Tunnel Takes A Different Kind Of Toll


If you're headed for a tunnel that's 13 feet tall and you're truck is 13 feet six inches, you're headed for big trouble. That small fact didn't occur to to Gilberto Cantu, a Texas truck driver, as he approached the New Jersey entrance of the Lincoln Tunnel in his rig loaded with bathtubs, toilets and plumbing fixtures.

As reported in the NY Times, Mr. Cantu drove the entire 1.5 miles of the tunnel from Weehawken, N.J., to Manhattan, tearing his way under the Hudson River in the tunnel’s center tube and peeling back the roof of his tractor-trailer as if it were a tin can. No one was injured, but an undetermined number of decorative tunnel ceiling tiles were ripped off.

It was unclear why Mr. Cantu did not heed several flashing signs and a orders to stop blasted from a loudspeaker, according to Steve Coleman, a spokesman for the Port Authority of New York and New Jersey, which operates the tunnel. “There were enough bells and whistles going off that this should not have happened,” Mr. Coleman said. “He told the officers he didn’t know where he was going.”

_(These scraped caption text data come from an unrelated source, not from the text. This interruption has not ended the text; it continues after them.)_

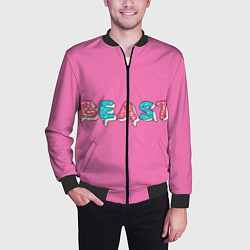 Бомбер мужской Mr Beast Donut Pink edition, цвет: 3D-черный — фото 2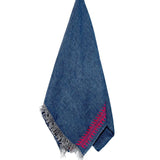 Unisex Blue Linen Shawl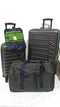 $500 New Nautica Sea Tide 4-Piece Hardside Luggage Set Gray Green Travel Bag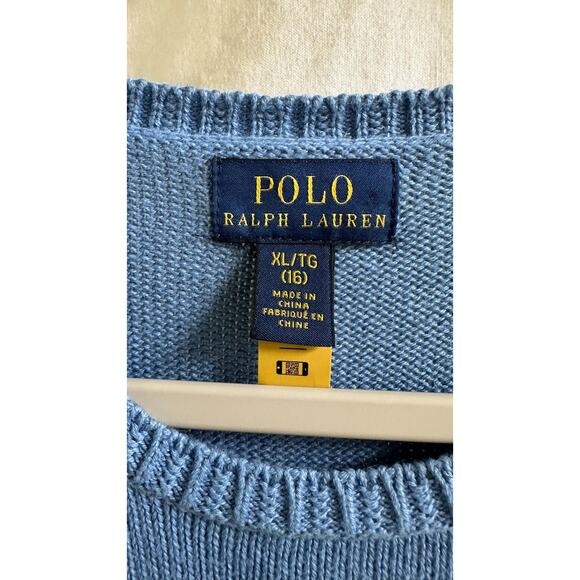 Polo Ralph Lauren Girls XL 16 Long Sleeve Blue Floral Sweater Dress - Picture 3 of 7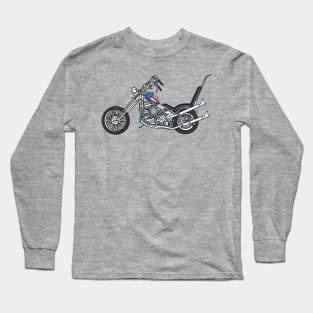 Chopper Motorcycle 1950 cartoon illustration Long Sleeve T-Shirt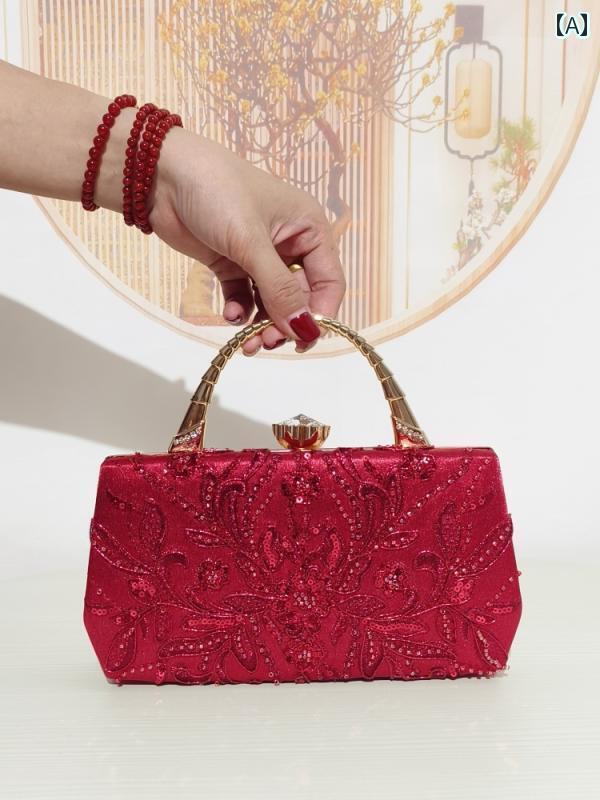 バッグ レディース かわいい の 中国 ビーズ ハンドバッグ 2024 ウェディング イブニングドレス チャイ..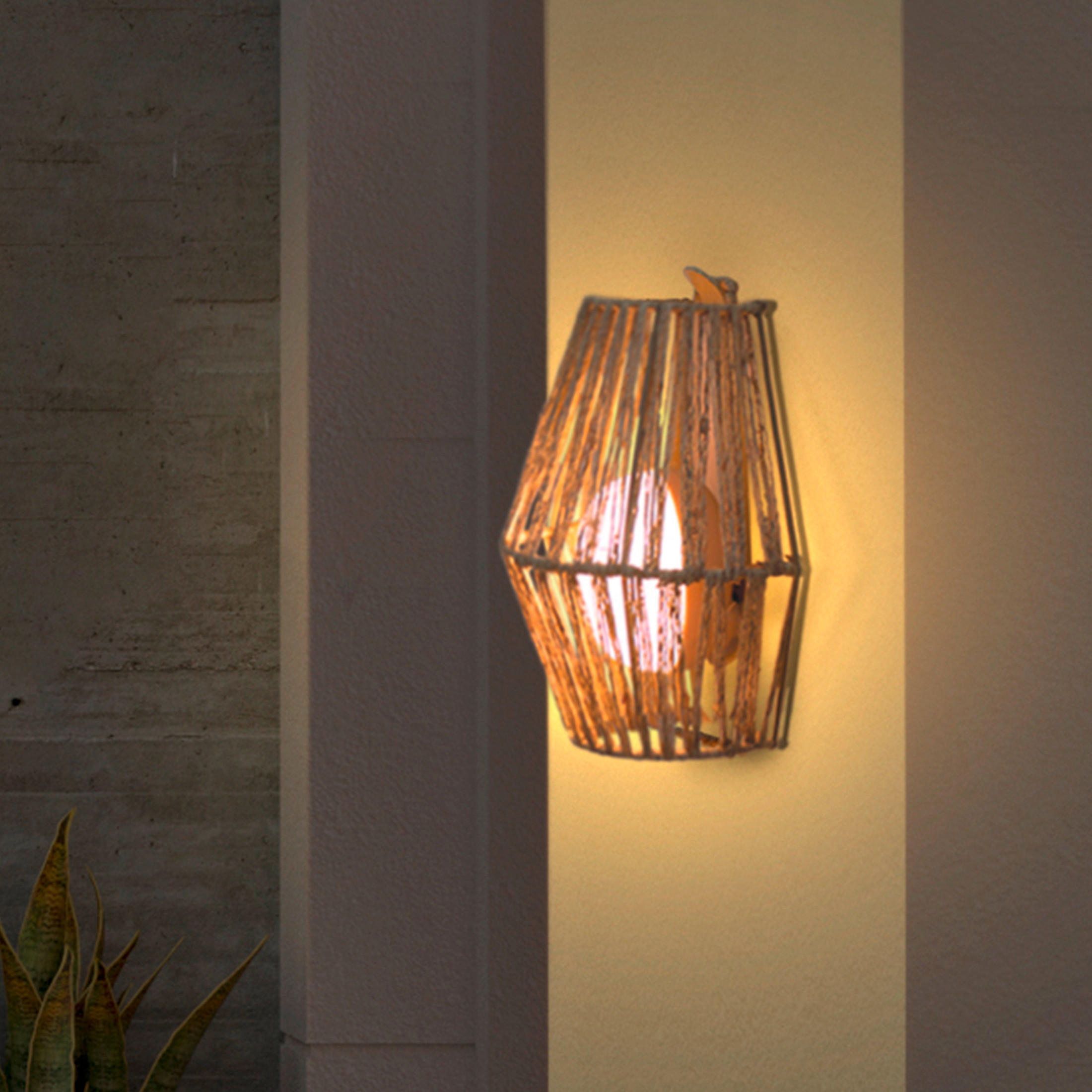 LED-AUßENLEUCHTE Sisine 22.5/24.5/11.5 cm   - Natur, Naturmaterialien (22.5/24.5/11.5cm) - New Garden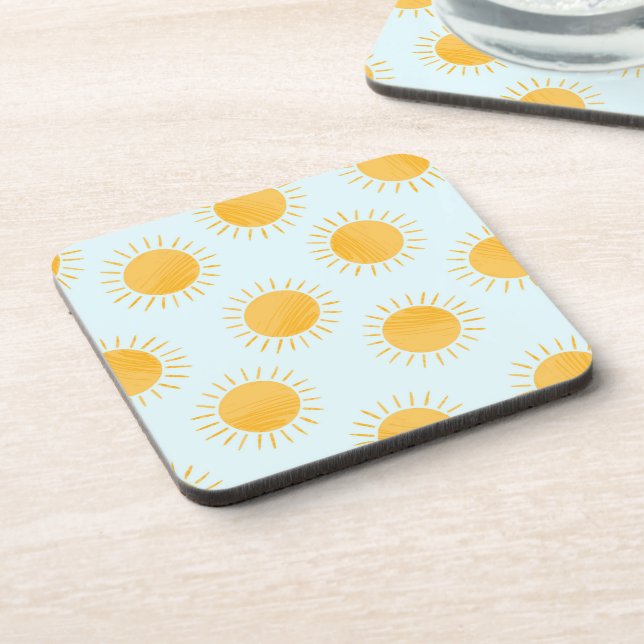 Sunshine Doodle Day Pattern Coaster (Left Side)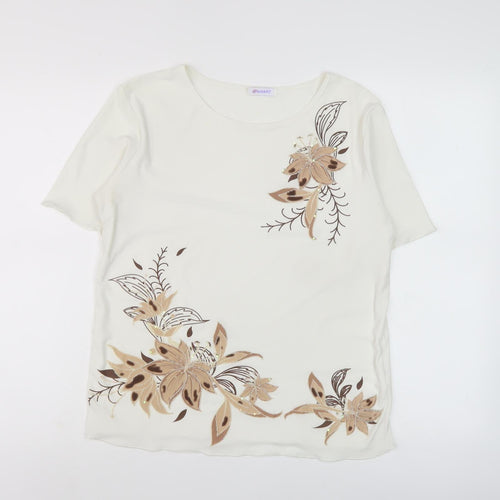 Damart Women's Beige Floral T-Shirt, Size 14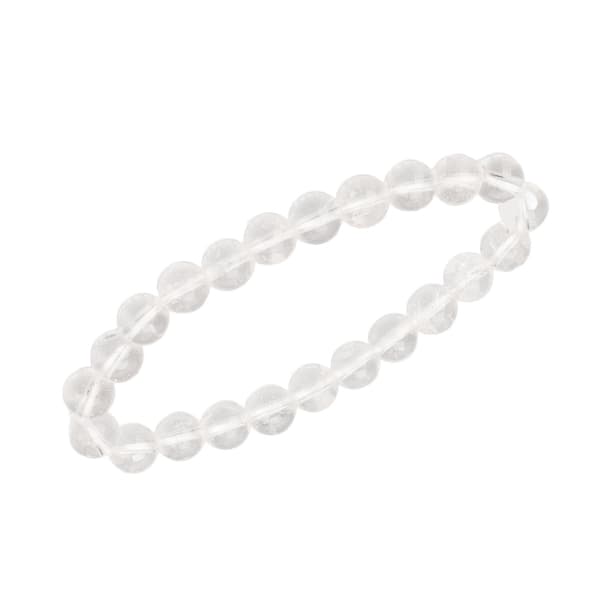 8 mm perlearmbånd helende elastisk strækmeditationsperlearmbånd til kvinder mænd hvid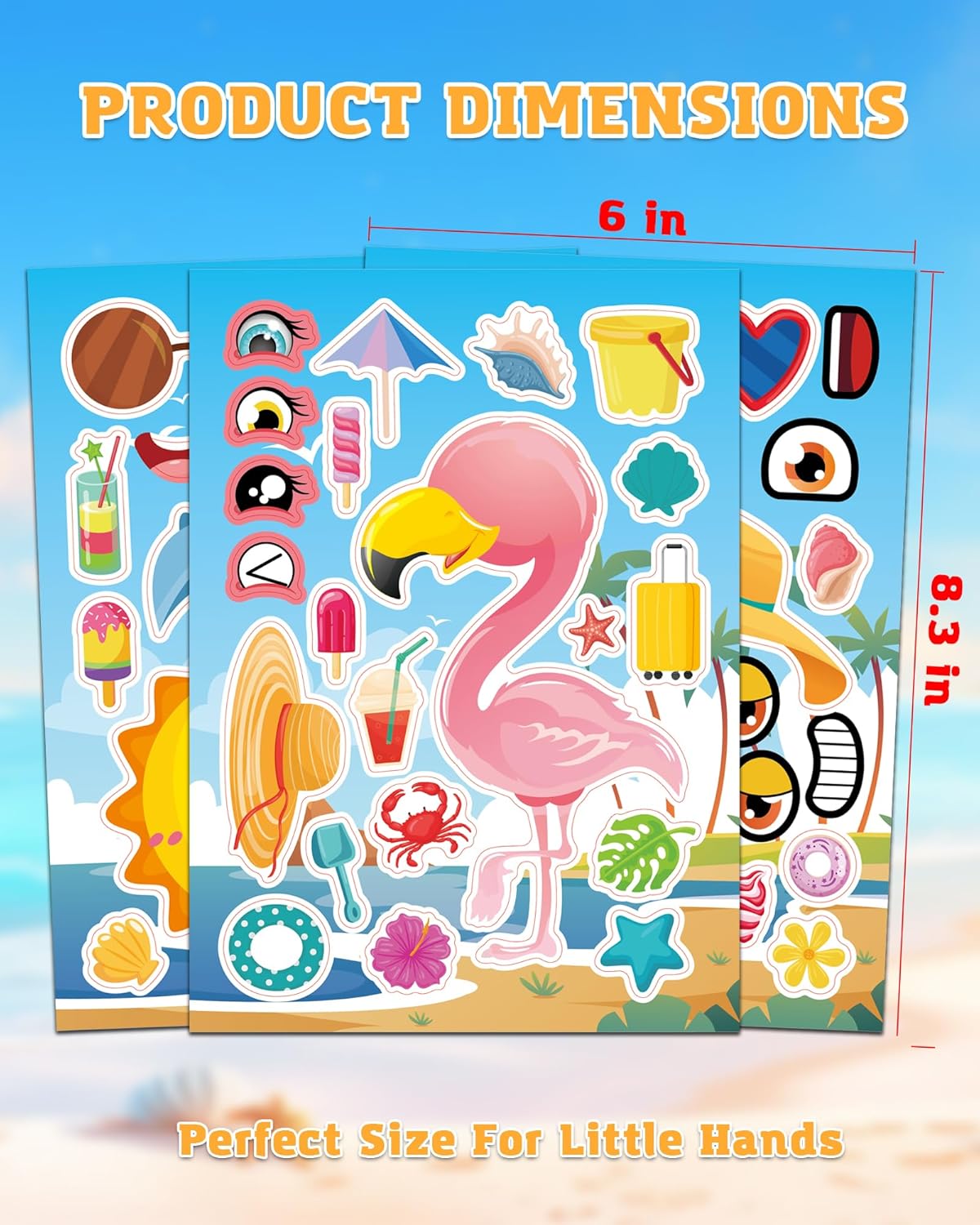 Aowplc 48 Sheets Summer Fun Make-a-Face Sticker Set for Kids – Create Your Own Faces with Beach, Tropical & Animal Stickers – Ideal Summer Crafts, Party Favors & Creative Activities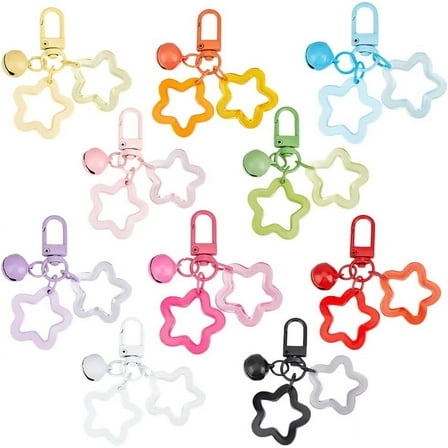 10Pcs 10 Colors Acrylic Star Keychain Stars Keychains Bulk Colorful Bell Five Pointed Stars Candy Color Clasp Clip Charm Pendant Key Chains for Women Car Keys Backpack Keychains Decoration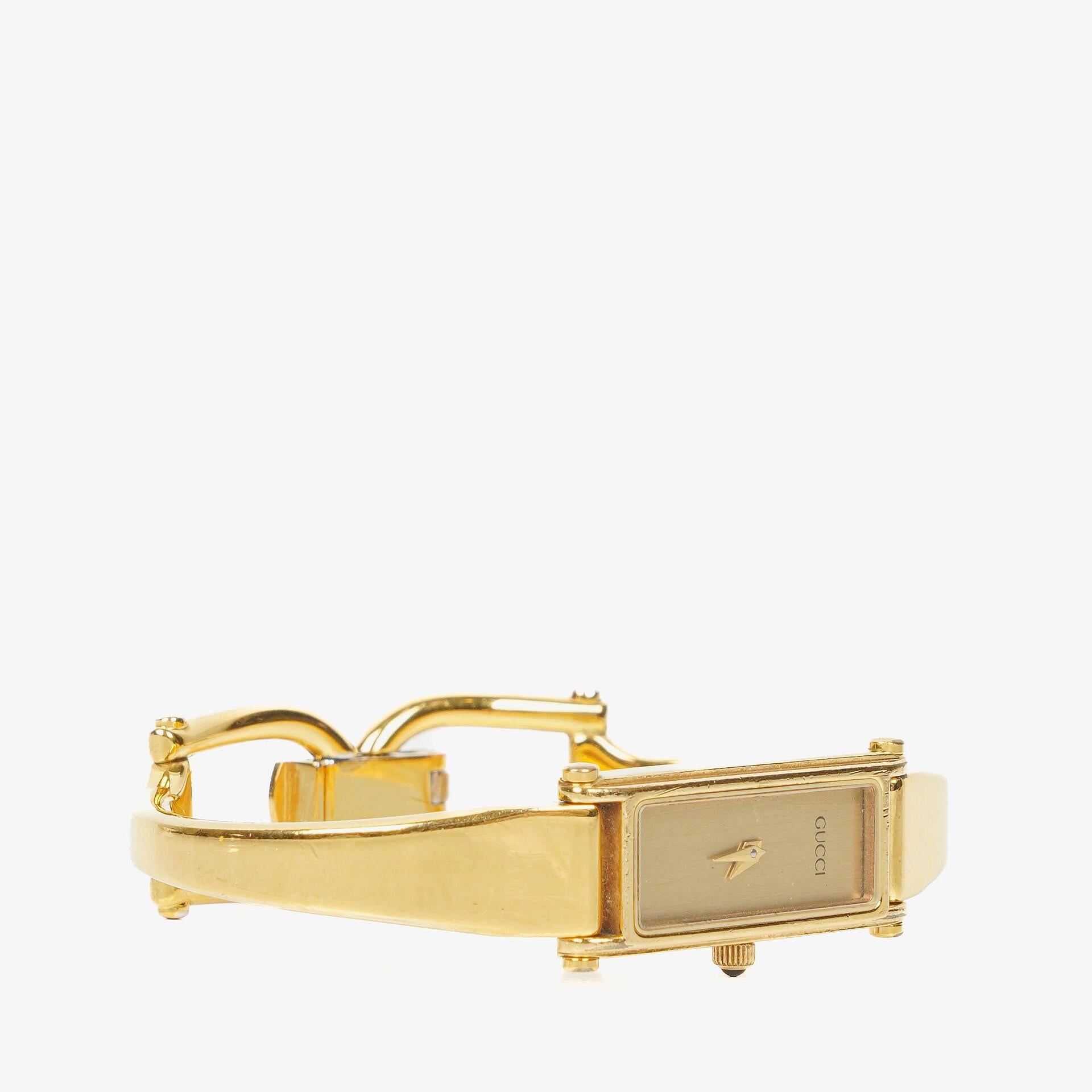 Gucci 1500 Rectangular Gold-Tone Stainless Steel Watch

Mr. Coleman said trucks were turned back for exceeding the height limit about once a week. Roy Guzman, the safety director of U.S.A. Logistics Carriers of McAllen, Tex., Mr. Cantu’s employer, said in a telephone interview that “it was just a bad call” by Mr. Cantu. “He misjudged the height of the tunnel, and once he was inside it he didn’t realize the damage he was doing.”

Mr. Cantu, of Edinburg, Tex., declined to comment. He was issued nine misdemeanor moving violations, including reckless driving, failure to obey a traffic signal and failure to obey an officer’s command. “This is going to cost us, and it’s going to cost him,” Guzman said. Whether that means Mr. Cantu will lose his job “has been discussed, but we have to wait and see until we have a talk with him,” Mr. Guzman added.